More opposition to hunter arrogance, xenophobia and callous shooting of birds and ranger

The Times editorial of today, and I.M. Beck's weekly article, deal with the latest illegal hunting incidents, the arrogance and xenophobia of the hunters' federation, and the shooting in the face of a ranger by a hunter last Monday. The Times editor, among other things, writes:

"The vast majority of right-thinking Maltese deplore the bullying antics of hunters. They are especially revolted by the illegal hunting carried out by a sizeable minority. Few would therefore have resisted the feeling of schadenfreude as the so-called Federation for Hunting and Conservation (sic) piled one public relations disaster on the other in its reaction to the fortnight-long Raptor Monitoring Camp that has just ended.


The language used at a press conference by the secretary of the federation to describe members of the Committee Against Bird Slaughter (CABS), a German-based group of bird watchers, was ill-judged, intemperate in the extreme and utterly unacceptable. This led inevitably to members of CABS being physically and verbally harassed by hunters on the ground - being called 'Nazis' and pelted with stones. There were also reports of incidents where both male and female members were subjected to acts of indecent exposure and to others being threatened with weapons.

If the leadership of the hunting federation speaks of 'foreign interference' and 'extremists' and fans xenophobia, is it any wonder if the swaggering arrogance of men armed with shotguns in the rank and file is translated into acts of overt intimidation? If the federation feared that the presence of the Raptor Monitoring Camp would expose the blatant acts of illegal hunting which took place, they were right to be worried.
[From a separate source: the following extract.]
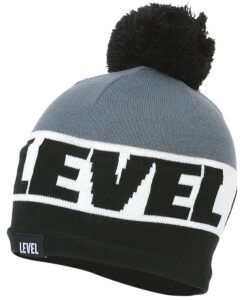 Шапки Level BIG ICON (THERMOLINER) black-grey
Bird watchers witnessed over 200 incidents of illegal hunting and trapping during the 14-day camp, including the shooting of 109 protected birds".
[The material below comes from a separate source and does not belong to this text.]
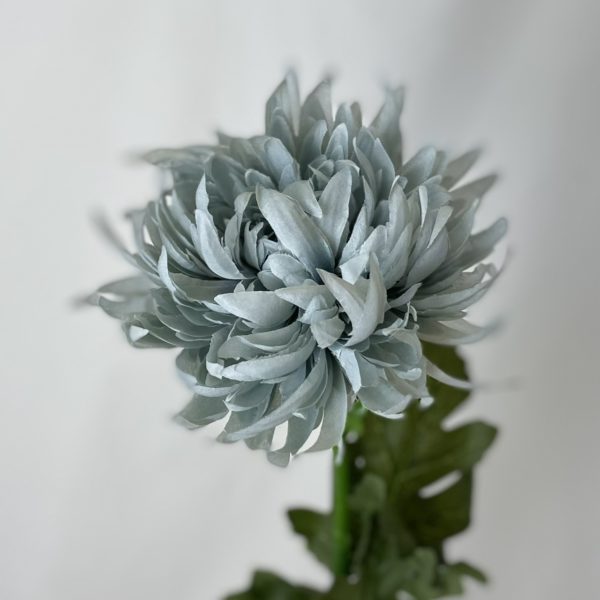 Artificial Single Spikey Chrysanthemum Grey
To the above I would add that a growing number of Maltese people are finally getting to deplore all unnecessary murder of birds just for the "fun" of it. More and more Maltese people are finally getting to see hunting for what it actually is: as definitely and unquestionably the murder of sentient and harmless birds. Therefore, I believe that I.M. Beck, also in today's The Times, speaks for several Maltese people, when in his article entitled "Now ban it", he says:

"Hunting, I mean. What is it going to take, somebody getting killed? (Actually lots are already being killed - that they are birds and not human makes no difference). Not that there haven't been hunting accidents which have resulted in someone's death, of course, but you know what I mean.

First we had the repeated spectacle of protests by hunters turning aggressive but restraining themselves to overt threats and minimal property damage. Then we had journalists being beaten - and, yes, one of them was my son, which is why I'm strong on this one. Then we had environmentalists threatened and called all manner of names, including 'Nazis' (echoed with apparent relish by It-Torca (a Maltese language newspaper)).
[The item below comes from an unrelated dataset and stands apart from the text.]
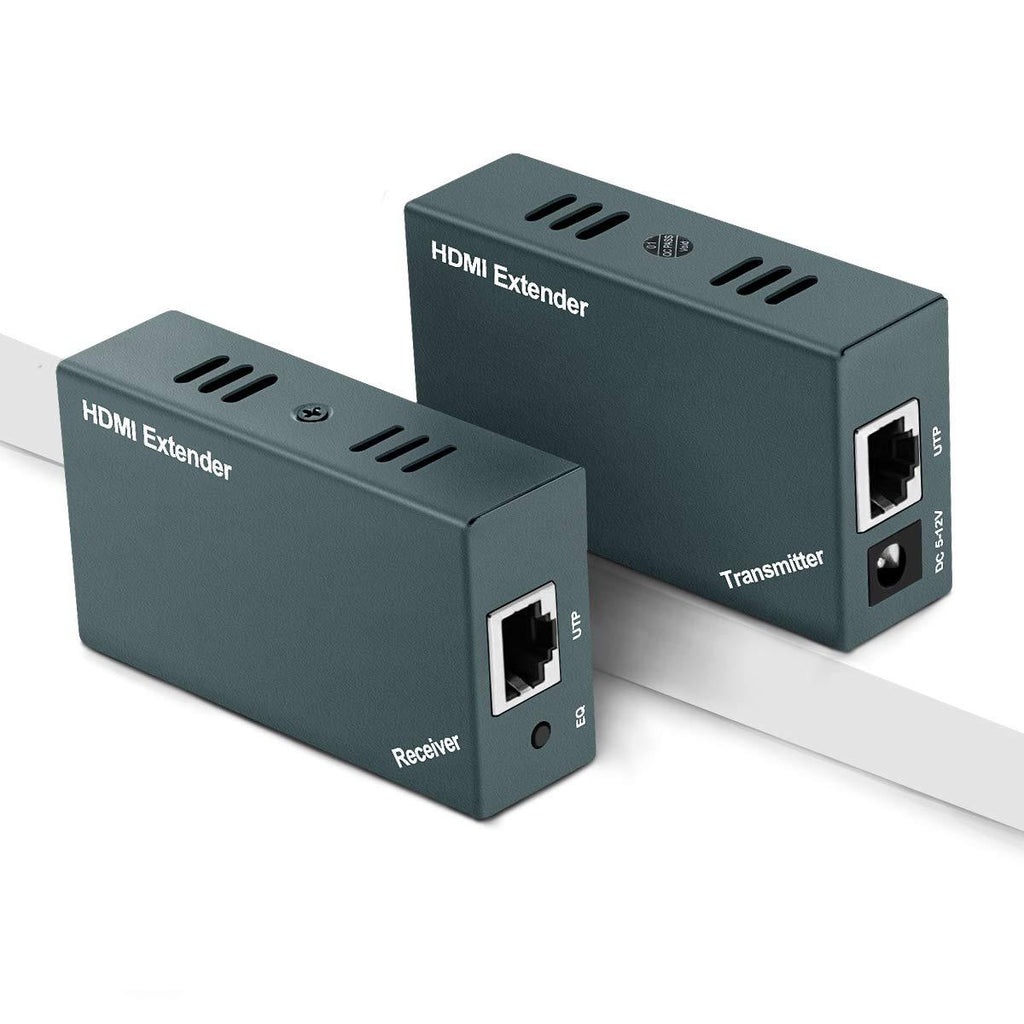 HDMI Extender 1080P@60Hz with Local Output, Extending 165ft (50m) Length Transmission Over CAT5e/CAT6/CAT7 Cable, One Power Adapter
Now we've had someone, a living, breathing, human being, shot, luckily without lasting damage. Whether this is because the shooter who was ultra-negligent was lucky or whether it is because s/he was a lousy shot is debatable - suffice it to say that the reaction from the one who fired the shot was a hasty retreat, combined with threats and insults.

I have it on good authority (my son, who knows the guy) that Mr Ray Vella, the latest victim of the hunting fraternity's bonhomie and goodness, is one of the world's all-round decent blokes. When the offspring met with him recently to cover the thuggish vandalism wreaked on the tree-planting project Mr Vella oversees, he was more concerned about the attack on Ben (my son) than on the destruction his project had suffered.

Now his thanks is to have been shot, accidentally or otherwise (and I can't put my hand on my heart and come down on the side of either option, though, emotionally, I know where I'm heading) and then insulted and threatened.

Great, the Federation of Bird-Killing Conservationists, or whatever it is they delude themselves that they are, has expressed its regret. Big whoop: They can take their regret and do with it what they please (thankfully we have been spared the hunter's federation's pathetic "BirdLife did it").

Enough is enough: People can't be allowed to go around carrying guns anymore".